__WHAT TO WORK ON__:
Where the listing below reaches the line containing "Nikon P7800 vs", start writing out lines exactly, and stop once the line containing "Waffle Knit 1/2 Sleeve Open Cardigan" has been written.

__RECORDS SHOWN__:
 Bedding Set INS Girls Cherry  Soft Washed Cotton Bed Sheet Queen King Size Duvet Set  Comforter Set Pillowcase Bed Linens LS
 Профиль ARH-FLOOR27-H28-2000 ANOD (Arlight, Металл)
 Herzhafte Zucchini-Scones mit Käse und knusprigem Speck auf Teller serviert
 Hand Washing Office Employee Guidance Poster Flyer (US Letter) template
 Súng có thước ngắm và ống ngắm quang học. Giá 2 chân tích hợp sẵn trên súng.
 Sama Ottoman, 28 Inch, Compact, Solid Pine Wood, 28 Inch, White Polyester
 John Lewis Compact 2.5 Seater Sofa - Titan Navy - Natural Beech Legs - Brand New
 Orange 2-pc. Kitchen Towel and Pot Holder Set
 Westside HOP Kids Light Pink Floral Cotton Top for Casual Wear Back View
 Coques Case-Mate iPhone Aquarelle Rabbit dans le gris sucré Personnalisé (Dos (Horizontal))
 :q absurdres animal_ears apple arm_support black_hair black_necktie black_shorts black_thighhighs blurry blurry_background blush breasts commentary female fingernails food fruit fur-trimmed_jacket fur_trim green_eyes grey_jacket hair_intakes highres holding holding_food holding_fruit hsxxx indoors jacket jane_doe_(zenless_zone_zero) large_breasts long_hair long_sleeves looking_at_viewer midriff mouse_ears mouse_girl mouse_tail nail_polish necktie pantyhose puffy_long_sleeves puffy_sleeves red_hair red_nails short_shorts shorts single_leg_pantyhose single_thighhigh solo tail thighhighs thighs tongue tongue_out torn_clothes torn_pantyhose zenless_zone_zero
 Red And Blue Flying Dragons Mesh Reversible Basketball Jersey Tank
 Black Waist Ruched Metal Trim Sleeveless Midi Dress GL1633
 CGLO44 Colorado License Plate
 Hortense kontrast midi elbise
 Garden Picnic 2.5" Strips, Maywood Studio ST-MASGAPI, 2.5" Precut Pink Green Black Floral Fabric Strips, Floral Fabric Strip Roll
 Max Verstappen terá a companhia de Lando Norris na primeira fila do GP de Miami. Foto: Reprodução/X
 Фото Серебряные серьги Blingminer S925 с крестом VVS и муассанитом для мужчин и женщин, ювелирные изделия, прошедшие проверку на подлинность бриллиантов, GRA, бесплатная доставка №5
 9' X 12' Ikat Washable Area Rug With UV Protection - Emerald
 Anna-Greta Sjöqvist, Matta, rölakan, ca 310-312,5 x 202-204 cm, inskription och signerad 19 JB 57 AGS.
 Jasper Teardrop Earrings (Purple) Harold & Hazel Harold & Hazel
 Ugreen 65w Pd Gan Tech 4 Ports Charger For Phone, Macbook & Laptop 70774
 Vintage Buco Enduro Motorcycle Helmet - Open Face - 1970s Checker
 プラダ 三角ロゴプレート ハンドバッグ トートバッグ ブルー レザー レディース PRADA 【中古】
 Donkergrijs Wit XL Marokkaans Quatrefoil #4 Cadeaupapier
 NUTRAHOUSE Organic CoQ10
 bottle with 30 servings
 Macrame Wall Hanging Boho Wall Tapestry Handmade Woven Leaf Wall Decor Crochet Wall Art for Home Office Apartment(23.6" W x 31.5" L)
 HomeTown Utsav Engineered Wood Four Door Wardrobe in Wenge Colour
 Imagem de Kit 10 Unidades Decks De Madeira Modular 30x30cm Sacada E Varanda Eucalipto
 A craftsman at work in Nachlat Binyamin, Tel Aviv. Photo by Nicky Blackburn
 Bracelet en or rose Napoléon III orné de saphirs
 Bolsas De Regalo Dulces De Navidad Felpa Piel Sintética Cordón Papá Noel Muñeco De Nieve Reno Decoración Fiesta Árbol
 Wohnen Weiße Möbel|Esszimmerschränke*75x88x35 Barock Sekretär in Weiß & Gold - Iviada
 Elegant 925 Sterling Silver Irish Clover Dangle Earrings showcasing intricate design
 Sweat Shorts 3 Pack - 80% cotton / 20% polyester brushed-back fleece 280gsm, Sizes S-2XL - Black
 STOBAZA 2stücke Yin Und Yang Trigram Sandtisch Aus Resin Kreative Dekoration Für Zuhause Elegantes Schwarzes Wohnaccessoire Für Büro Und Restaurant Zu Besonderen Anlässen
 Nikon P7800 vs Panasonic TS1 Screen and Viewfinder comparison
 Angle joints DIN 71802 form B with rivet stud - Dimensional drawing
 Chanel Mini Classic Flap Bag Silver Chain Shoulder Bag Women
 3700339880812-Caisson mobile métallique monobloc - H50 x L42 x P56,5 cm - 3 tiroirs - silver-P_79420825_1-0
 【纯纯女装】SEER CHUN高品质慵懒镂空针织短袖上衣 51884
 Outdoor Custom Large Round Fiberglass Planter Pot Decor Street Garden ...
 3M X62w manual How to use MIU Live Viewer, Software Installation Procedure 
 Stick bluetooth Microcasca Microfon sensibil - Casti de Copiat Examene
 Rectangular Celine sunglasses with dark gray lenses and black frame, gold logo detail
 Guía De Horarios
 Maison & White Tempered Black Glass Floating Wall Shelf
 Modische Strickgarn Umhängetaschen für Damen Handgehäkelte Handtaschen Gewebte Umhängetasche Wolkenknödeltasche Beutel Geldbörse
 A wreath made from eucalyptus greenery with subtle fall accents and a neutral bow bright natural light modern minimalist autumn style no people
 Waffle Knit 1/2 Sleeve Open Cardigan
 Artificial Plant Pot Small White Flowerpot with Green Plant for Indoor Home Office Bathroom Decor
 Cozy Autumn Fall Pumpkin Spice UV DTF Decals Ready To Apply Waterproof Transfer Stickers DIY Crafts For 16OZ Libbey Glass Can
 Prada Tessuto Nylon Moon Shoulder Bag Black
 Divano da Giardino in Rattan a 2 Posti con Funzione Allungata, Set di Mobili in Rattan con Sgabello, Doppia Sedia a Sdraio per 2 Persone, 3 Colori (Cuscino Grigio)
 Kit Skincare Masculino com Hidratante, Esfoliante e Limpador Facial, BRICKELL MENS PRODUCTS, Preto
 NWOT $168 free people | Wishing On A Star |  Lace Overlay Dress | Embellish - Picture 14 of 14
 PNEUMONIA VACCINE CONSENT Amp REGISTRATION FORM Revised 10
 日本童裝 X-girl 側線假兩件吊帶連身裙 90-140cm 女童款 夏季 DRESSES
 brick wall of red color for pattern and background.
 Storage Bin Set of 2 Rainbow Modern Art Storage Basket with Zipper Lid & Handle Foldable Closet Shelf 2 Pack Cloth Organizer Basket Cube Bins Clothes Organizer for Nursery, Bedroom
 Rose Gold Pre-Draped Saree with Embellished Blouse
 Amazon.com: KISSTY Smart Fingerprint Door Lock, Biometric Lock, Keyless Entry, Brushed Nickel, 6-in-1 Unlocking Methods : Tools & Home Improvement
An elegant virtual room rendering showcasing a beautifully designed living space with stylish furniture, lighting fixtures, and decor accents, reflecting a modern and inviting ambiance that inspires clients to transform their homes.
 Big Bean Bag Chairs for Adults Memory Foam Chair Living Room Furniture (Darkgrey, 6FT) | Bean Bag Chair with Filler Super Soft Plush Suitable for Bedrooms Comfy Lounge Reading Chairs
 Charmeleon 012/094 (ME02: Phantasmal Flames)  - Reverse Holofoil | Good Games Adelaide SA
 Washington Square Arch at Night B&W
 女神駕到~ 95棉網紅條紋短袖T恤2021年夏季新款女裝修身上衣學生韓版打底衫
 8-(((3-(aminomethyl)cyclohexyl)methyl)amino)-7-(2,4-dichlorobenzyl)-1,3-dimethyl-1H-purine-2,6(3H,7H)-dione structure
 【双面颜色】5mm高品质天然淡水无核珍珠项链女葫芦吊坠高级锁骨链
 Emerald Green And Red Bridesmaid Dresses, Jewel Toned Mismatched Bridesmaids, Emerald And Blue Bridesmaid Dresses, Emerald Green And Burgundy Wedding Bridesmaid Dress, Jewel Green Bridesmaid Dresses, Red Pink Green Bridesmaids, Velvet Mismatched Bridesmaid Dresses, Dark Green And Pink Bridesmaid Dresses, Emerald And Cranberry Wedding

__RESULT FOR THIS EXERCISE__:
 Nikon P7800 vs Panasonic TS1 Screen and Viewfinder comparison
 Angle joints DIN 71802 form B with rivet stud - Dimensional drawing
 Chanel Mini Classic Flap Bag Silver Chain Shoulder Bag Women
 3700339880812-Caisson mobile métallique monobloc - H50 x L42 x P56,5 cm - 3 tiroirs - silver-P_79420825_1-0
 【纯纯女装】SEER CHUN高品质慵懒镂空针织短袖上衣 51884
 Outdoor Custom Large Round Fiberglass Planter Pot Decor Street Garden ...
 3M X62w manual How to use MIU Live Viewer, Software Installation Procedure 
 Stick bluetooth Microcasca Microfon sensibil - Casti de Copiat Examene
 Rectangular Celine sunglasses with dark gray lenses and black frame, gold logo detail
 Guía De Horarios
 Maison & White Tempered Black Glass Floating Wall Shelf
 Modische Strickgarn Umhängetaschen für Damen Handgehäkelte Handtaschen Gewebte Umhängetasche Wolkenknödeltasche Beutel Geldbörse
 A wreath made from eucalyptus greenery with subtle fall accents and a neutral bow bright natural light modern minimalist autumn style no people
 Waffle Knit 1/2 Sleeve Open Cardigan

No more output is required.